Et cela va amplifier la montée en puissance de la livraison à domicile de repas : 39% des Français y ont recours et le chiffre a progressé pendant le confinement du printemps. Mais ça repose encore sur un modèle social, une tension sur les livreurs qui n'est pas toujours très bien encadrée.

Un risque de rendre ces secteurs dépendants des aides publique ?

C'est comme certains agriculteurs qui vivent grâce aux aides de la PAC plus que grâce à leur production. On est dans un système où les restaurateurs gagnent autant qu'ils ouvrent ou qu'ils ferment. Un système où la prise en charge des pertes est assumée par l'État.

L'étape suivante, ce sont les Prêts Garantis de l'État : de nombreux patrons de bars ou de théâtres expliquent qu'ils ne pourront pas les rembourser.
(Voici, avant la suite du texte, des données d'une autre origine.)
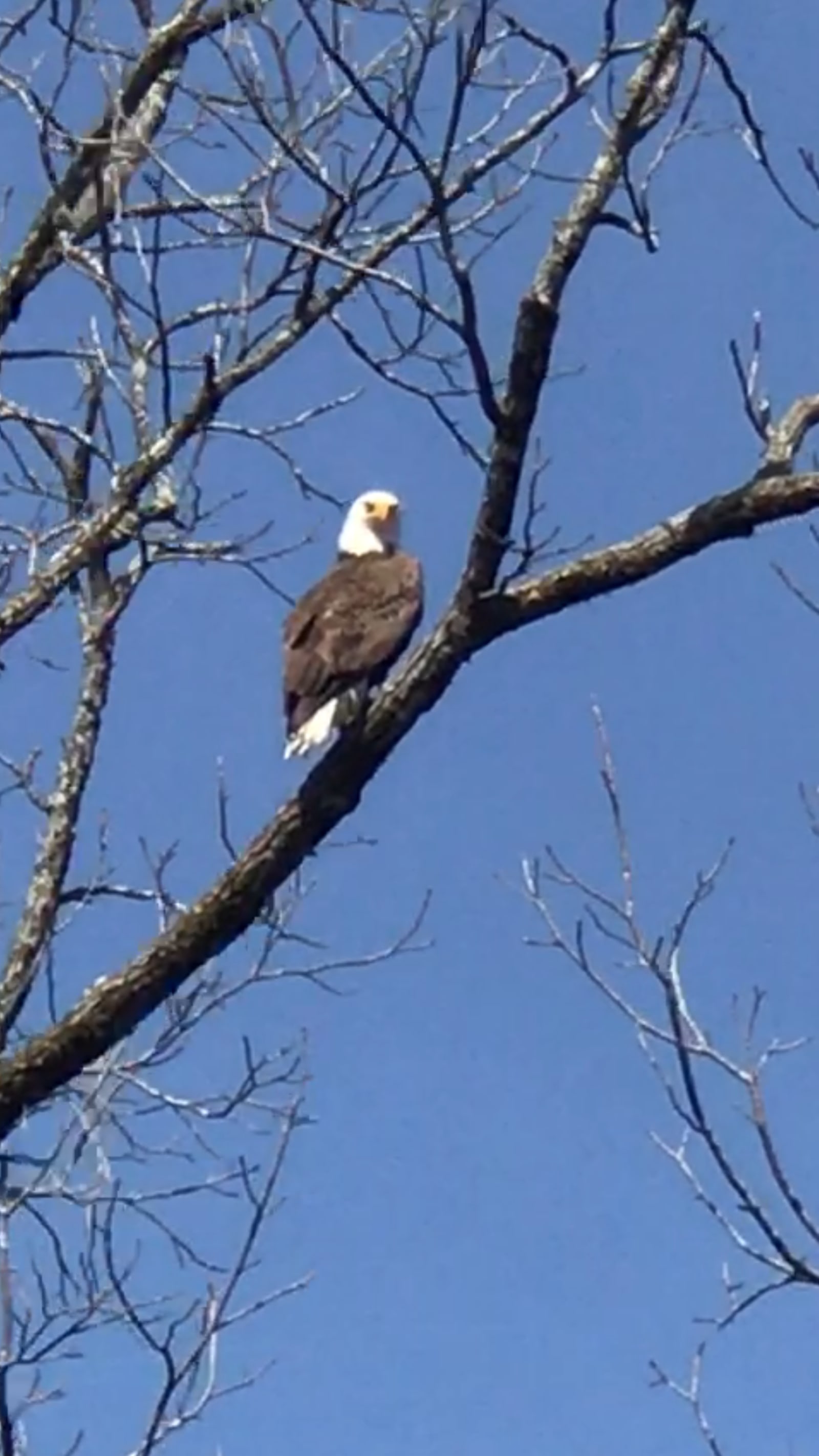 End of the Trail - Boles, Arkansas - glamping.directory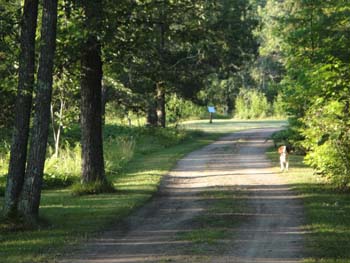 DSC00060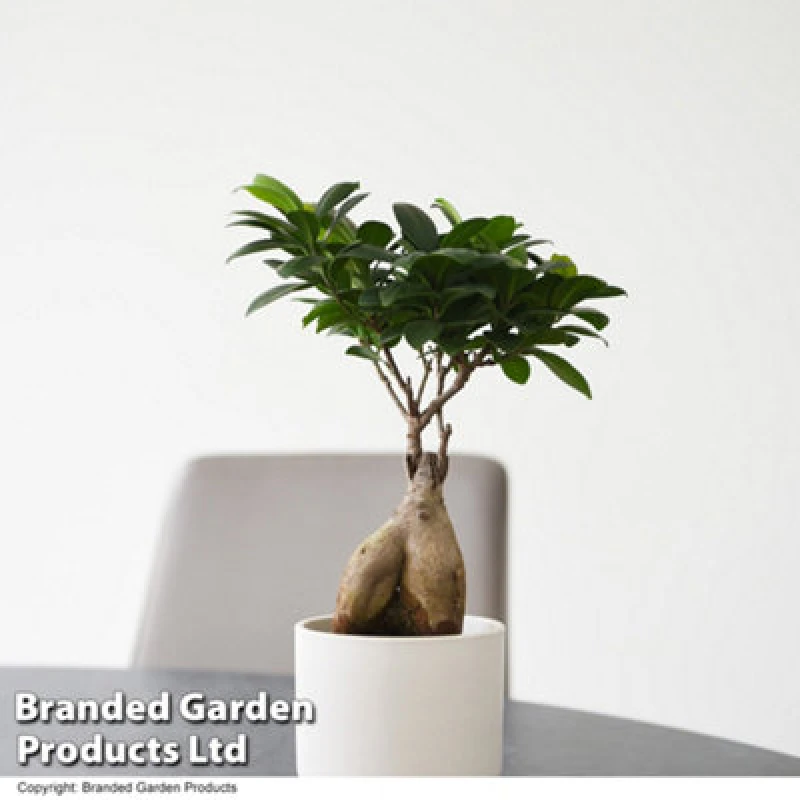 Image of Thompson & Morgan Ficus Microcarpa Ginseng 9Cm Pot X 1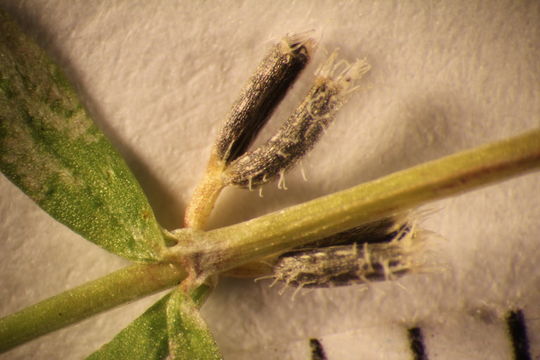 Image of yellow wall bedstraw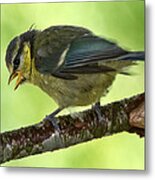 Blue Tit Fledgling First Day Out Metal Print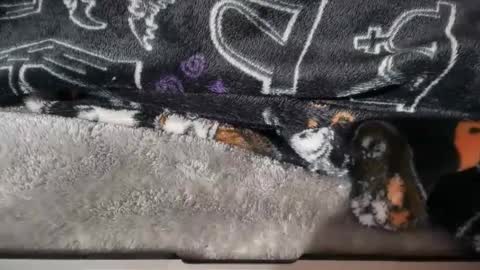 dabangaz4life online show from January 2026 08:41:01 AM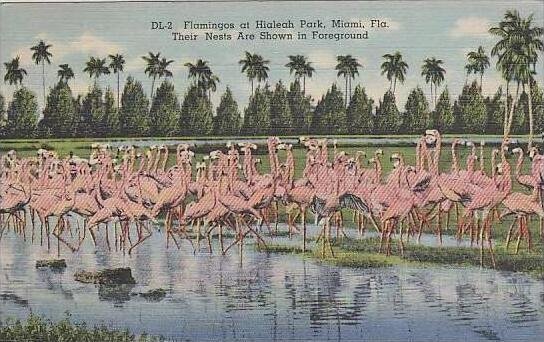 Florida Miami Flamingos At Hialeah Park Their Nests Are Shown in Foreground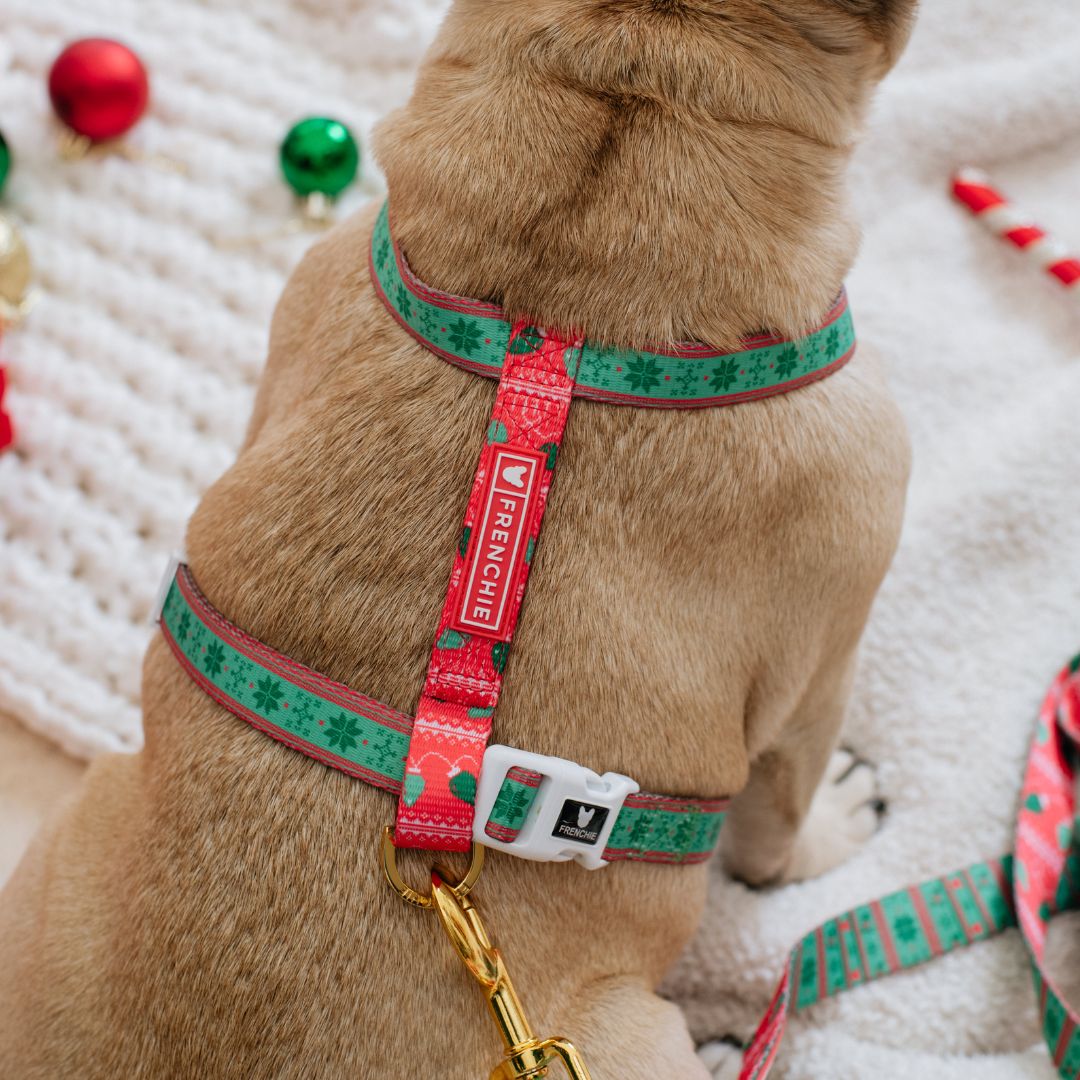 Frenchie Strap Harness - Ugly Sweater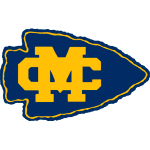 home team logo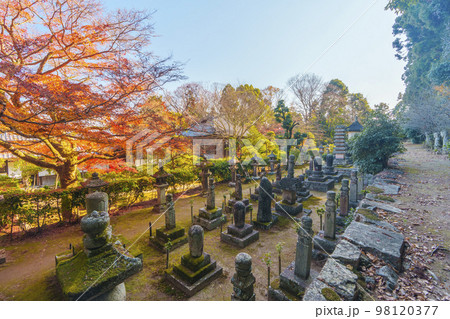 慈眼堂 阿弥陀如来石像十三体(滋賀県大津市坂本) 慈眼堂 阿弥陀如来石像十三体(滋賀県大津市坂本) 98120377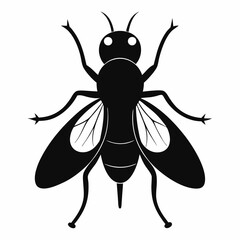 bee vector illustration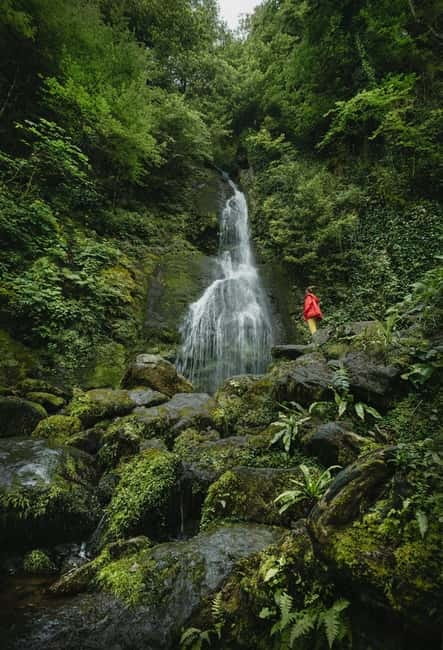 Batumi to Mtirala National park - Half day hiking group tour - The handmade cable car crossing: part thrill, part photo moment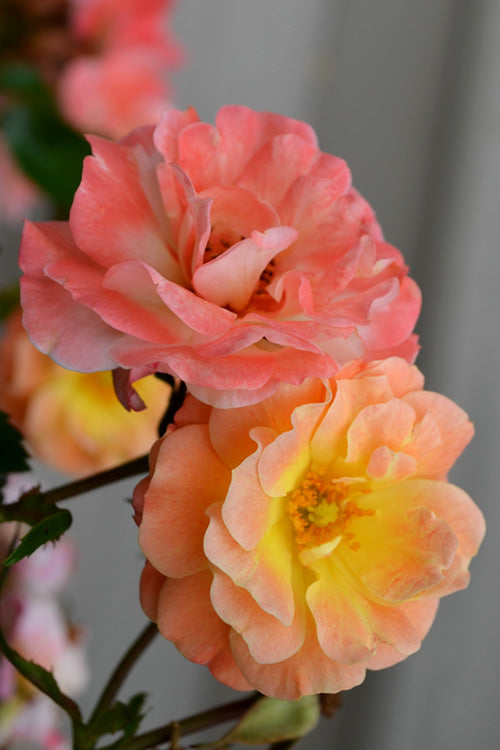  Peach Drift Groundcover Rose - 2 Gallon Pot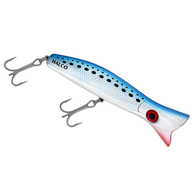 Roosta Popper 160 - Pilchard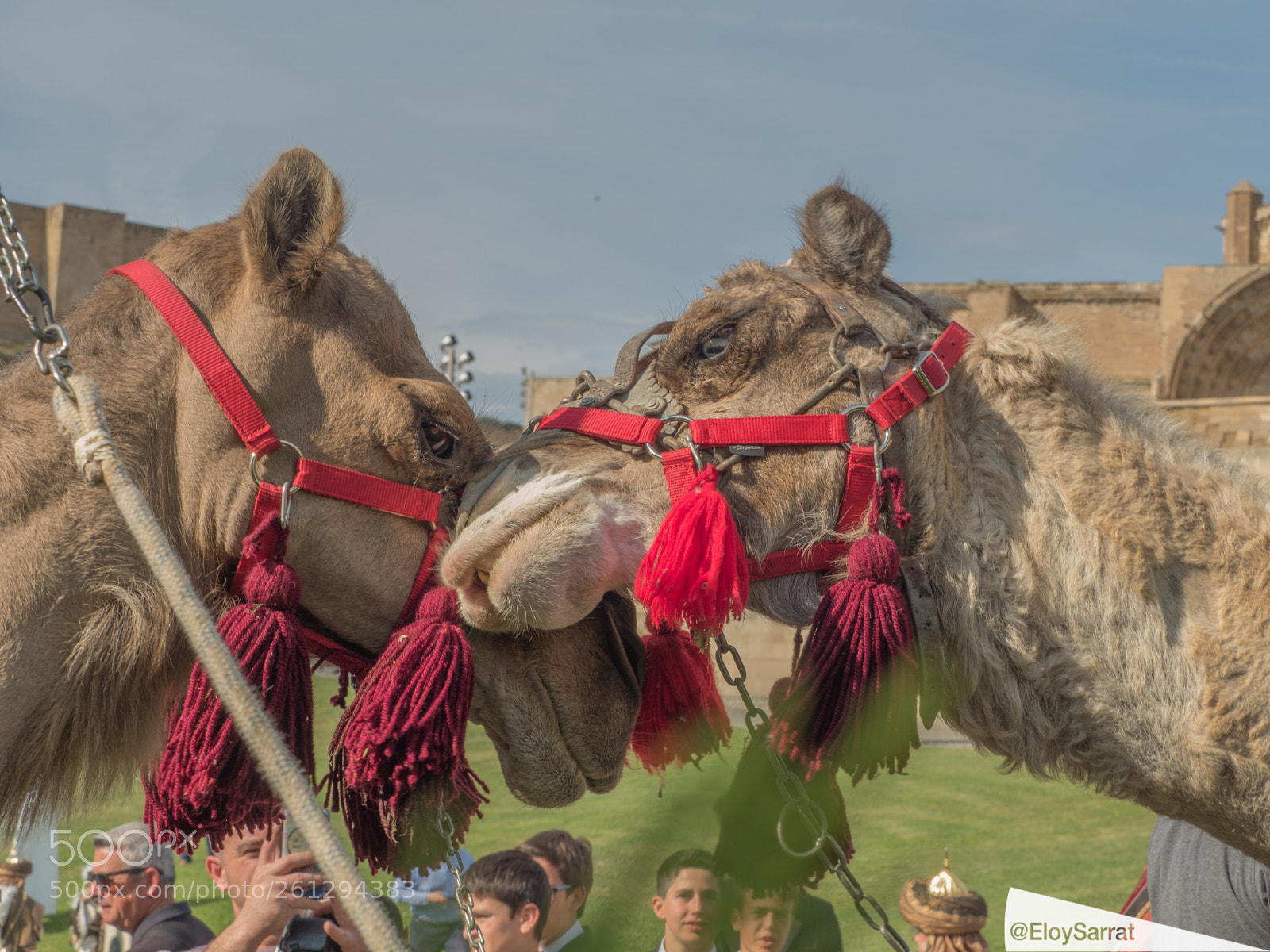 Olympus OM-D E-M5 II sample photo. Festa major de lleida photography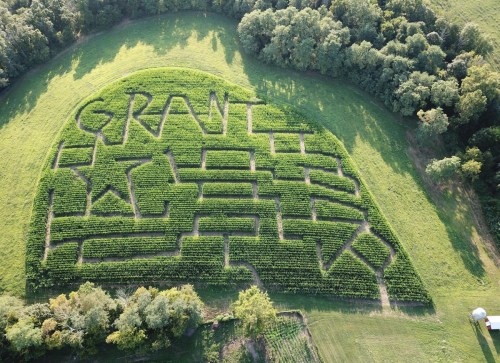 Aerial view of a corn maze shaped like the word "GRANT" with a star, surrounded by trees and open fields.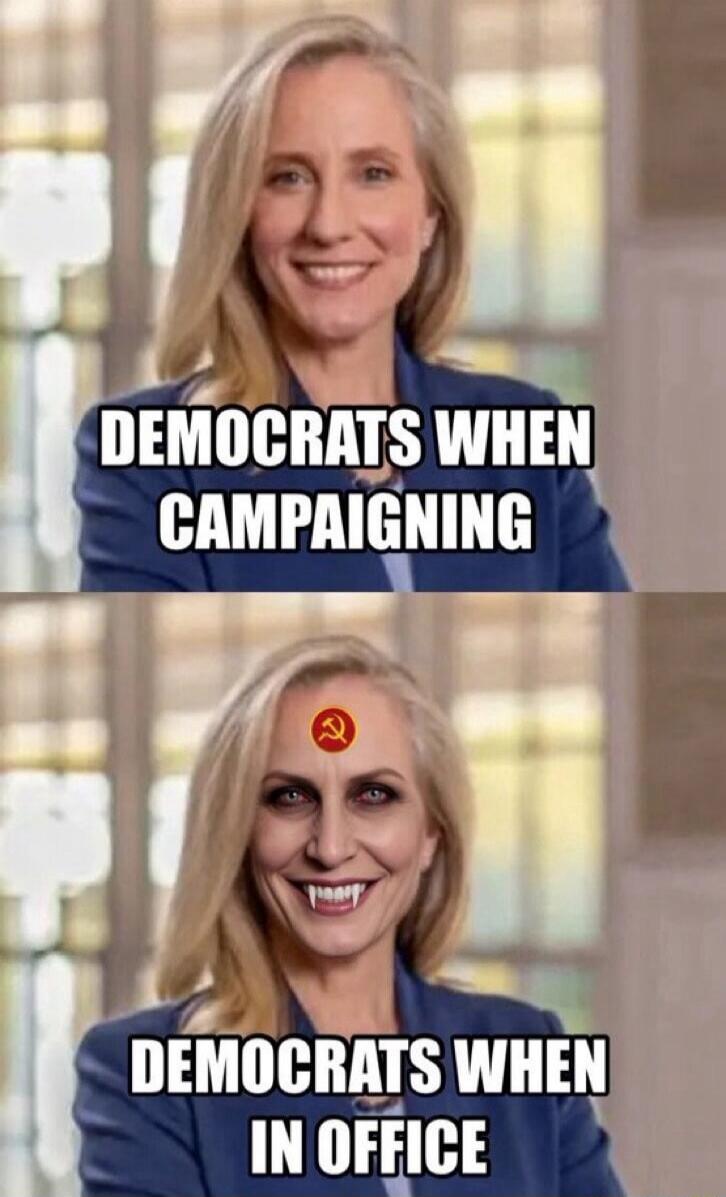 DEMOCRATS WHEN CAMPAIGNING DEMOCRATS WHEN IN OFFICE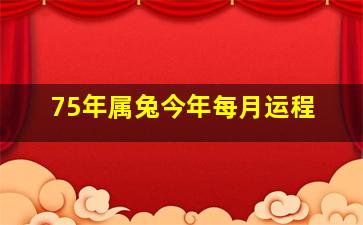 75年属兔今年每月运程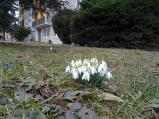 Jaro se blíží. Na Čechově ulici rozkvetly první sněženky.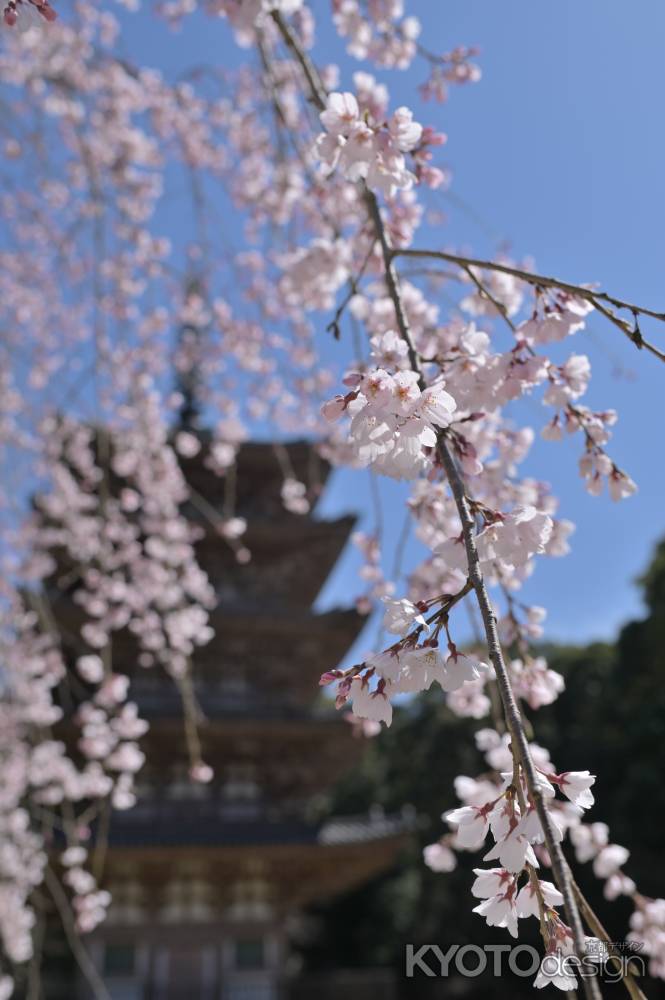 枝垂れ桜に囲まれた醍醐寺・五重塔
Cet argent magique de l'État se sera donc évaporé et c'est l'État qui devra se porter caution pour éviter des fermetures et des licenciements sur notre mode de vie à la française.

Le plus : le malus au poids revient

On l'évoque en détail avec Christophe Bourroux ce matin. On le croyait enterré, il revient pour les véhicules de plus d'1 tonne 8. L'essentiel de la production française risque d'être épargné néanmoins. Mais pas le réseau des revendeurs. Un geste politique en direction de la convention citoyenne après avoir mis de côté la taxe sur les avions, la hausse du sans plomb 95 ou la fin de la prime à la conversion sur les véhicules diesel.

La note : 8/20 à l'économie française

C'est l'OFCE qui nous inquiète. L'organisme économique nous indique que les entreprises ont perdu 50 milliards depuis le début du coronavirus et qu'on va sans doute connaitre une vague de faillites au printemps prochain.